Decomposition Templates
| Denominator Factor | Partial Fraction Term(s) |
|---|---|
| $ax + b$ | $\dfrac{A}{ax+b}$ |
| $(ax+b)^k$ | $\dfrac{A_1}{ax+b} + \dfrac{A_2}{(ax+b)^2} + \cdots + \dfrac{A_k}{(ax+b)^k}$ |
| $ax^2+bx+c$ (irreducible) | $\dfrac{Ax+B}{ax^2+bx+c}$ |
| $(ax^2+bx+c)^k$ | $\dfrac{A_1x+B_1}{ax^2+bx+c} + \cdots + \dfrac{A_kx+B_k}{(ax^2+bx+c)^k}$ |
Worked Examples
Example 5.2.1 — $u$-substitution shortcut
$$\int \frac{2x-1}{x^2-x-6},dx$$
The numerator is the derivative of the denominator.
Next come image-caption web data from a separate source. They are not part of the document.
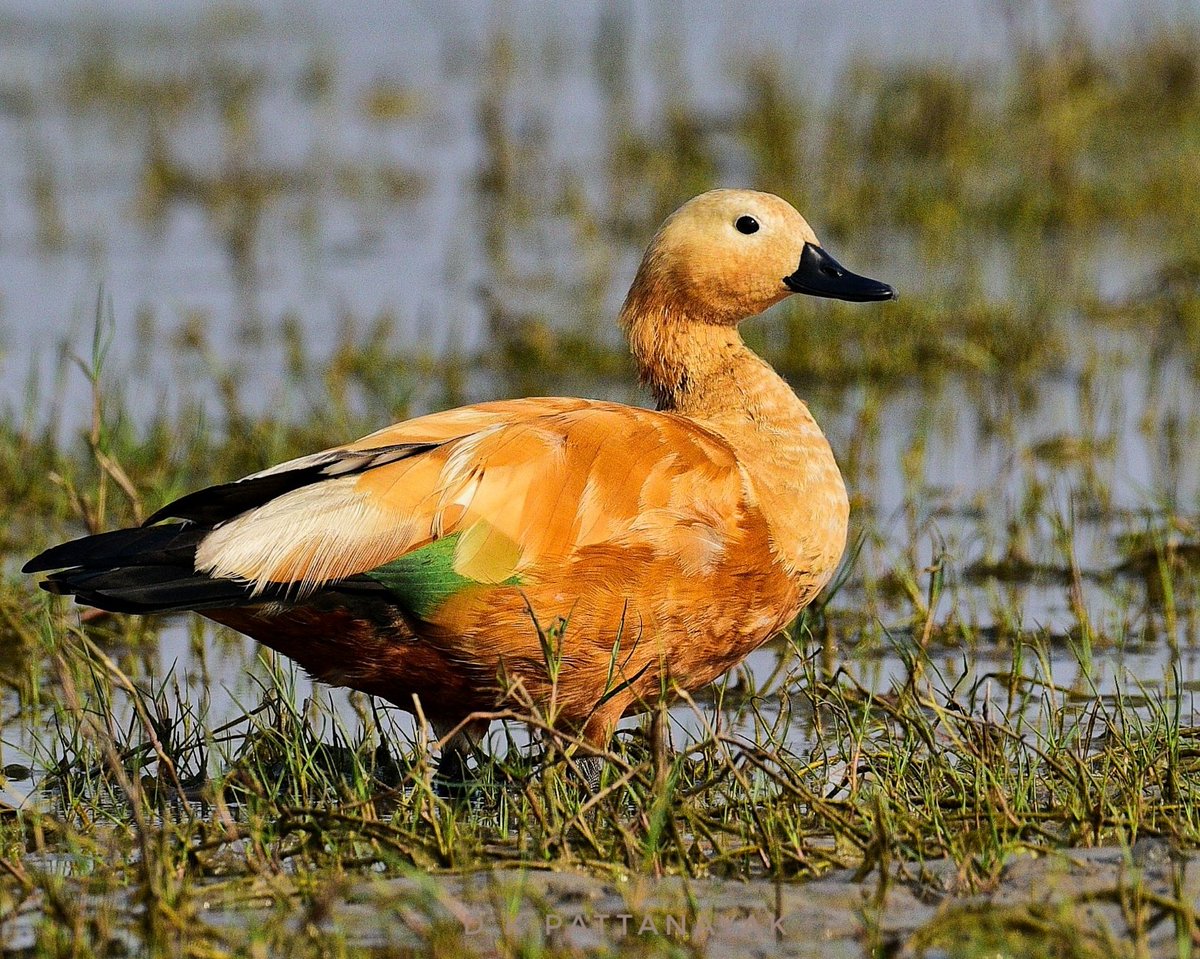 The beautiful Ruddy Shelduck (Tadorna ferruginea) is always so refreshing to behold. Photographed in the #Mangalajodi wetlands in #odisha #india. #IndiAves #ThePhotoHour #BBCWildlifePOTD #natgeoindia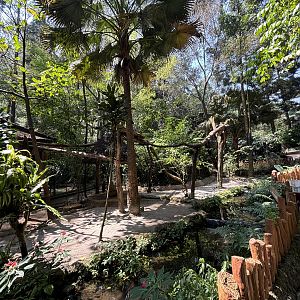 Grizzled Tree Kangaroo Exhibit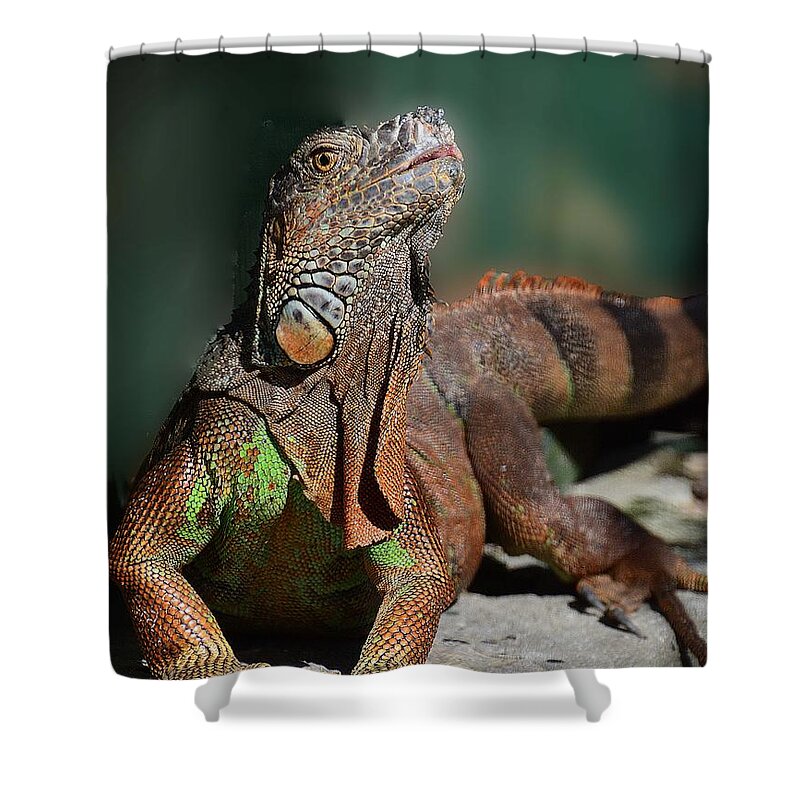 Iguana Shower Curtain featuring the photograph Strike a Pose by Cindy Manero
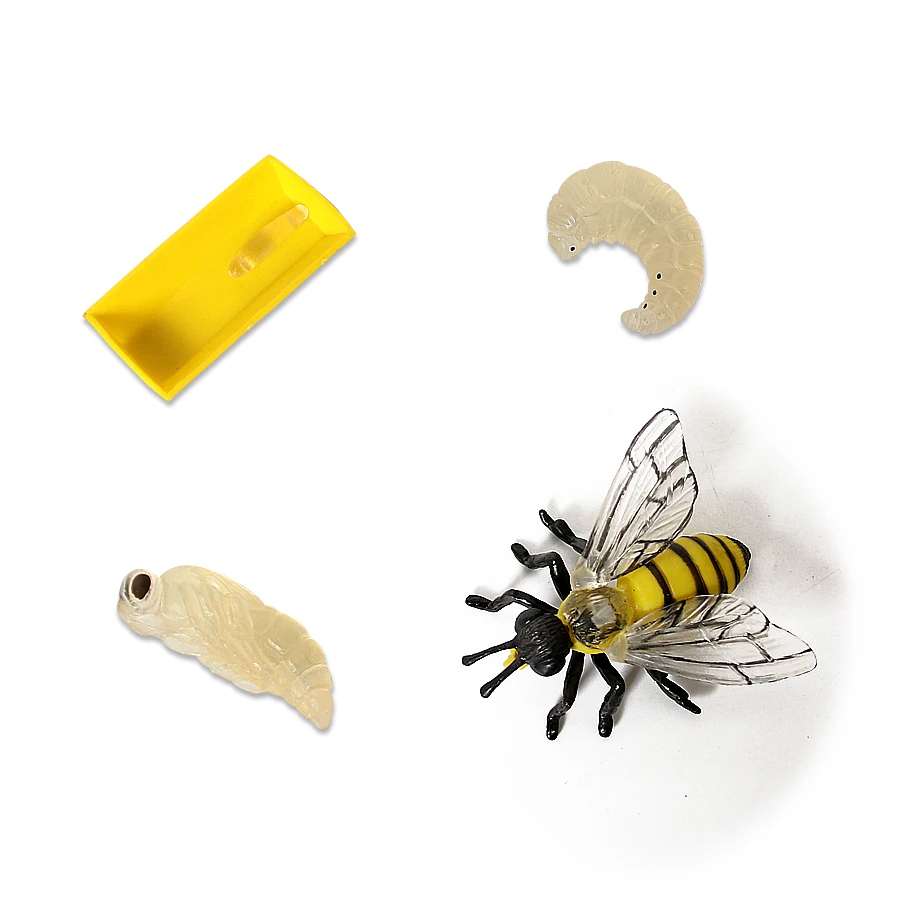 

Simulation Insect Bee Growth Cycle Model Figurine,4 Pieces Set Shows Life Cycle of A Cute honeybee Miniature Educational Toys
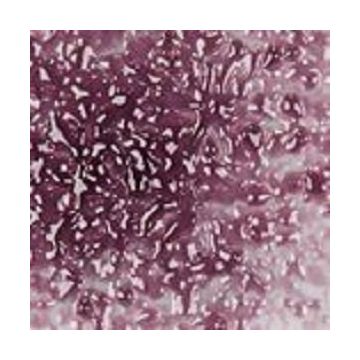 F2 5432-96sf grape transparent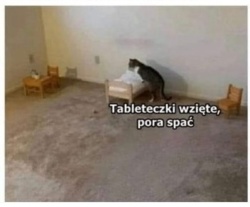 69315e5f-d9d5-48bd-8008-de0676f3fff5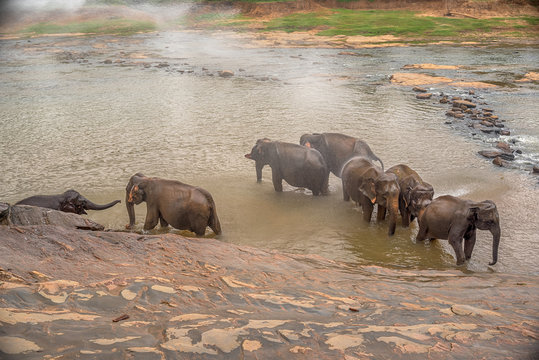 Sri lanka: group of elephants in drinking and be bathing place, Pinnawala, the largest herd of captive elephants in the world
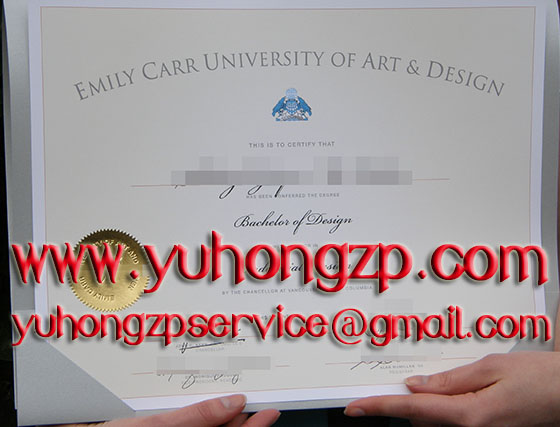 Emily Carr University of Art & Design degree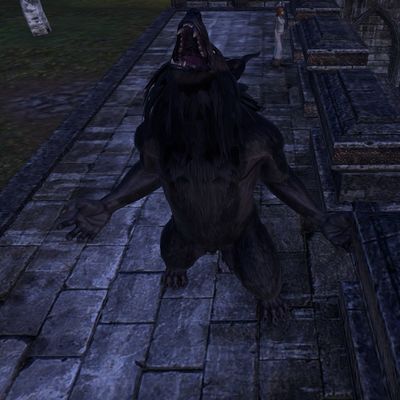 Online:Werewolf Behemoth Sigil - The Unofficial Elder Scrolls Pages (UESP)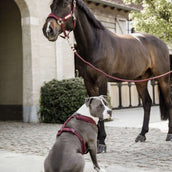 Kentucky Horsewear Corda per cavezza Basic Bordeaux
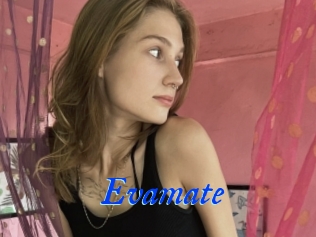 Evamate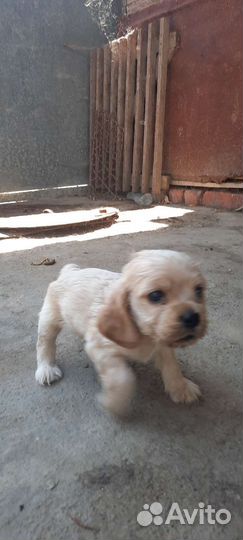 Кокер спаниель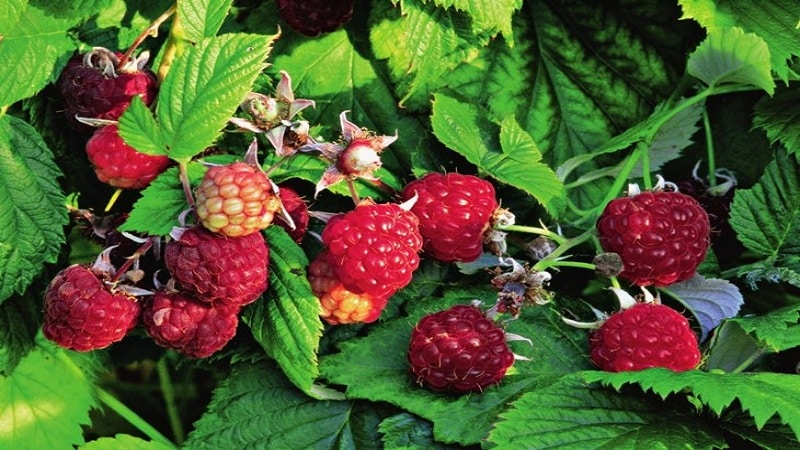 A guide to transplanting raspberries to a new location in the fall for beginning gardeners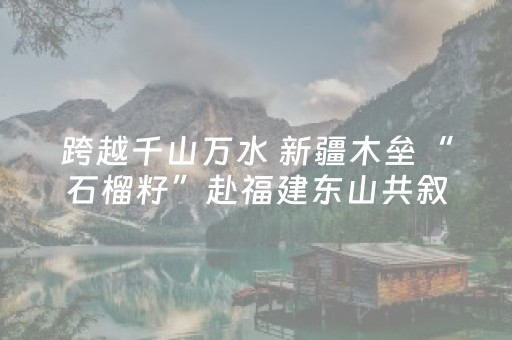 实测结果“怎样检测麻将机是否被安装程序了”（详细透视教程）-哔哩哔哩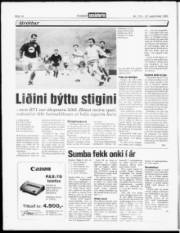 Síða 14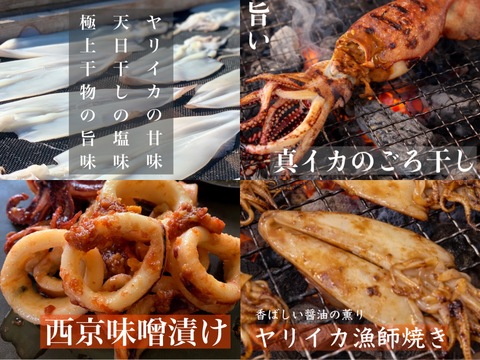 イカ４種☆豪華食べ比べセット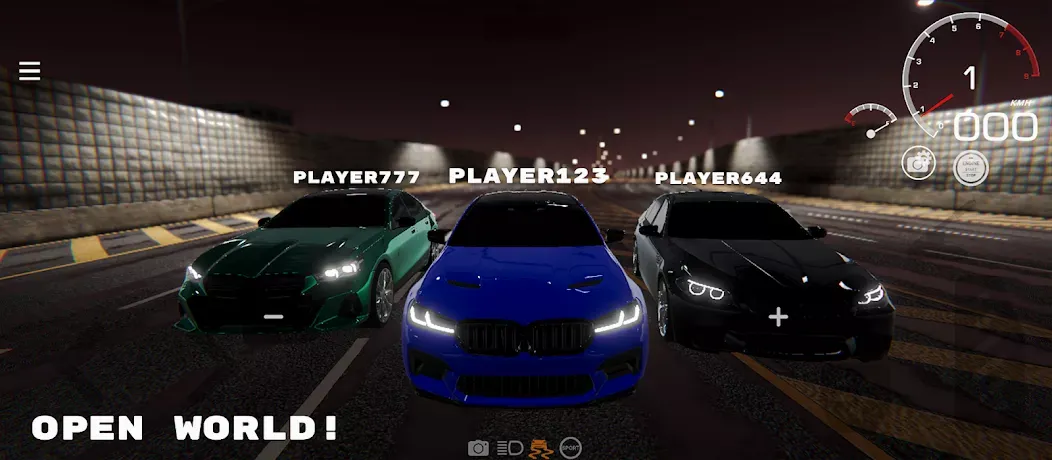 PROJECT R���ռ�����ģ����2026���°汾v0.2.04 �ֻ���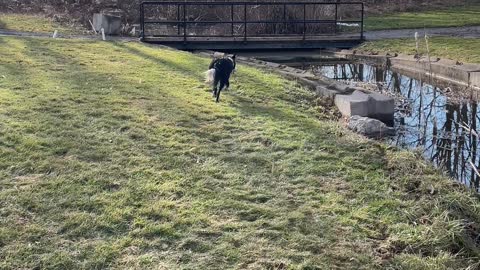 Maize the Border Collie Falls into Creek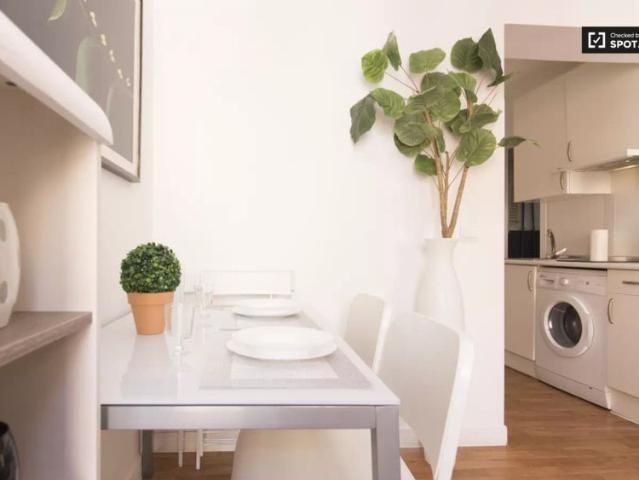 Bright 1 bedroom apartment with AC and balcony to rent in laidback Puerta del Ángel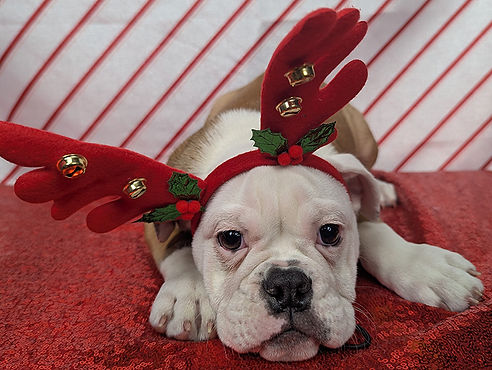 ALL PETS CLUB puppies for sale in CT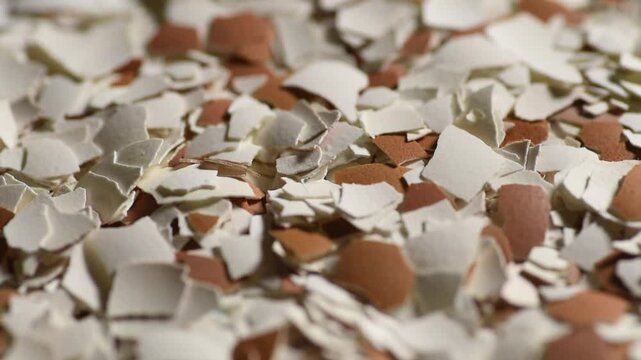 red and white eggshell pile, abstract background, texture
Let $u = x^2-x-6$, $du = (2x-1),dx$: $$= \int\frac{du}{u} = \ln|x^2-x-6| + c$$
Example 5.2.1 (Partial Fractions)
$$\int \frac{3x+11}{x^2-x-6},dx = \int \frac{3x+11}{(x-3)(x+2)},dx$$
Decompose: $\dfrac{3x+11}{(x-3)(x+2)} = \dfrac{A}{x-3} + \dfrac{B}{x+2}$
Cover-up method:
- $x = -2$: $5 = -5B \Rightarrow B = -1$
- $x = 3$: $20 = 5A \Rightarrow A = 4$
$$= \int\left(\frac{4}{x-3} - \frac{1}{x+2}\right)dx = 4\ln|x-3| - \ln|x+2| + c$$
Example 5.2.2 — Cancel common factors first
$$\int \frac{x+2}{x(x+2)^2},dx$$
Cancel the common factor $(x+2)$: $$= \int\frac{1}{x(x+2)},dx = \int\left(\frac{1}{2x} - \frac{1}{2(x+2)}\right)dx = \frac{1}{2}\ln|x| - \frac{1}{2}\ln|x+2| + c$$
5.3–5.4 Definite Integrals
Definition
If $f$ is defined on $[a,b]$, the definite integral is: $$\int_a^b f(x),dx = \lim_{n\to\infty}\sum_{i=1}^{n} f(x_i)\Delta x$$ where $\Delta x = \frac{b-a}{n}$ and $x_i$ is any value in the $i$-th subinterval.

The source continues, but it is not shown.